*Provided information*.
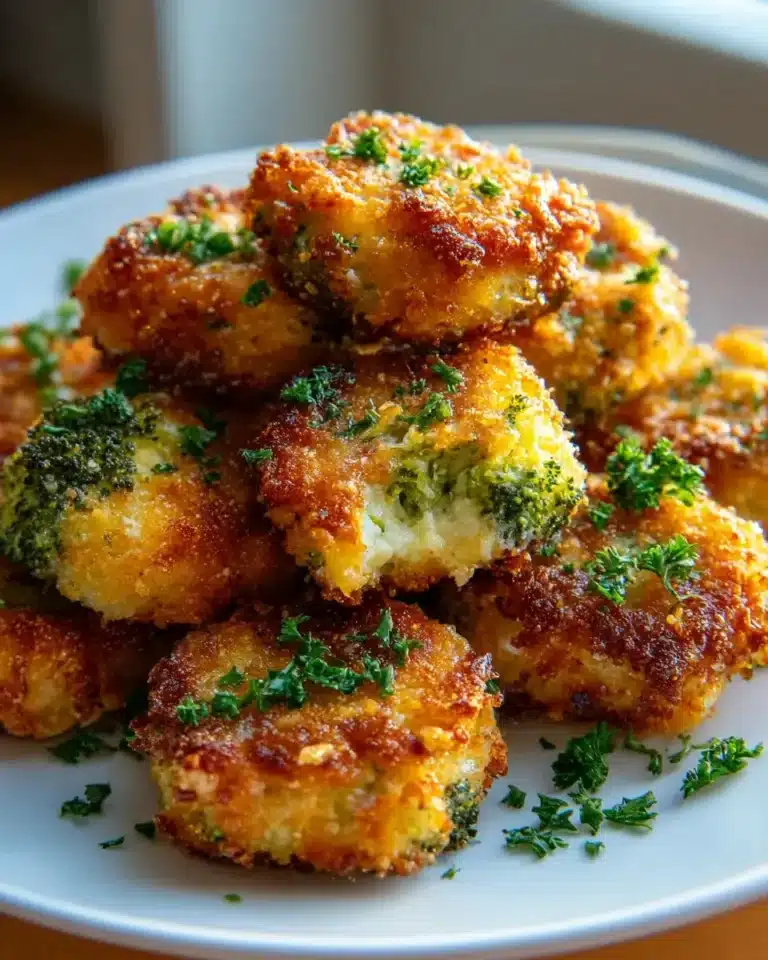 Knusprige Brokkoli Käse Nuggets – Leckere, gesunde Snacks!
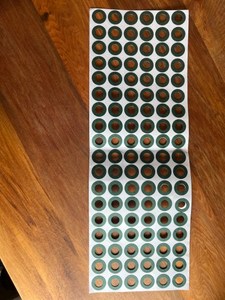 Barley Paper Insulation Gasket Ring 18650 108pcs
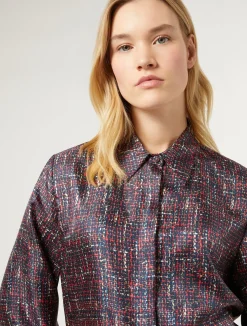 Clearance Marina Rinaldi Twill shirt MIDNIGHTBLUE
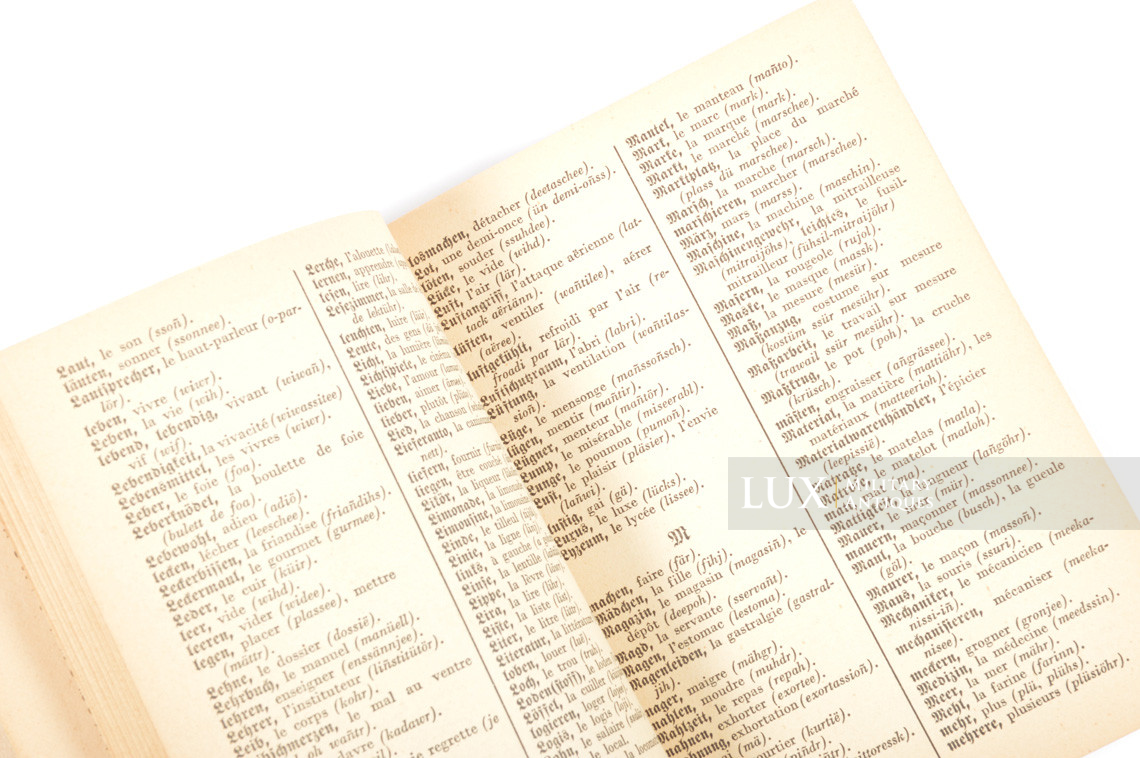 German-French issued translation booklet - photo 11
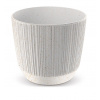 PROSPERPLAST Kvetináč RYFO ECO WOOD biely 10,7 cm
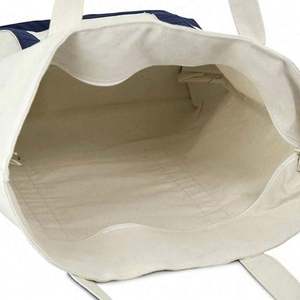 Bolsa de Compras Reutilizable Resistente de Algodón, Bolsa de Lona para Estudiantes Universitarios con Logotipo Personalizado Impreso - Product Image 5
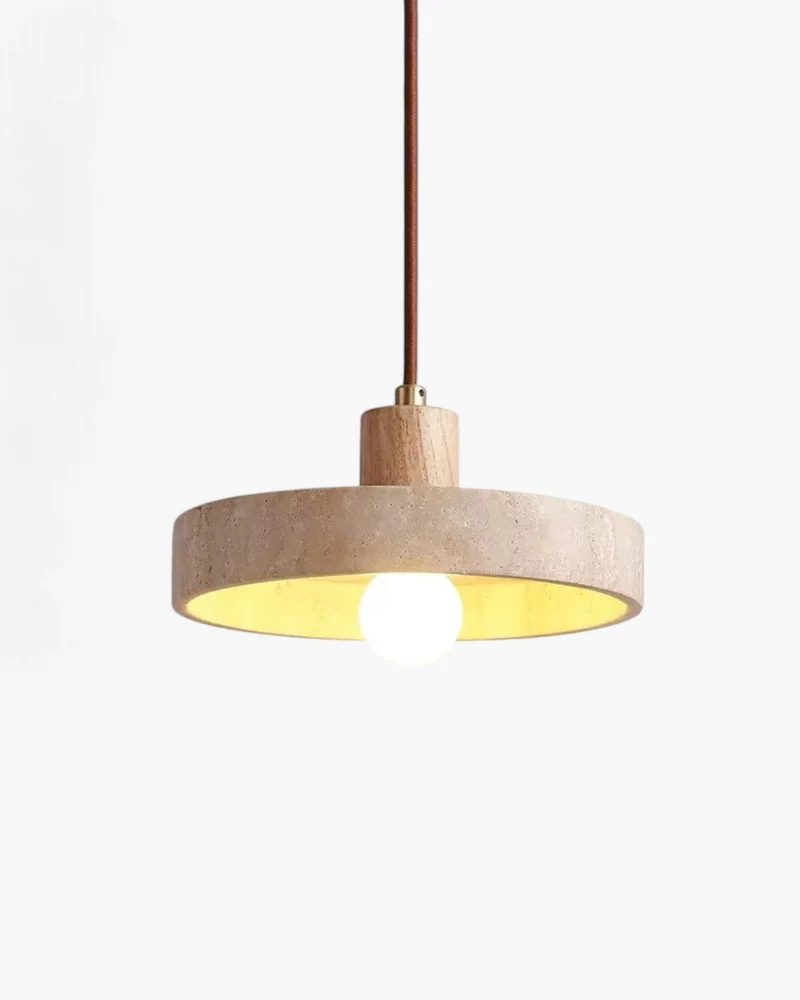 Terruva Travertine-Style Pendant Ceiling Light for Modern Kitchens Euroselle
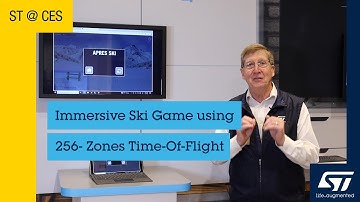 ST at CES 2024 — Introducing ST 256-zones Time-of-Flight: an immersive gaming application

*What to do*. What's needed is an exact copy of every entry, free of pictures.

*Result for this task*.
 Knusprige Brokkoli Käse Nuggets – Leckere, gesunde Snacks!
 Barley Paper Insulation Gasket Ring 18650 108pcs
 Clearance Marina Rinaldi Twill shirt MIDNIGHTBLUE
 German-French issued translation booklet - photo 11
 PROSPERPLAST Kvetináč RYFO ECO WOOD biely 10,7 cm
 Bolsa de Compras Reutilizable Resistente de Algodón, Bolsa de Lona para Estudiantes Universitarios con Logotipo Personalizado Impreso - Product Image 5
 Terruva Travertine-Style Pendant Ceiling Light for Modern Kitchens Euroselle
 ST at CES 2024 — Introducing ST 256-zones Time-of-Flight: an immersive gaming application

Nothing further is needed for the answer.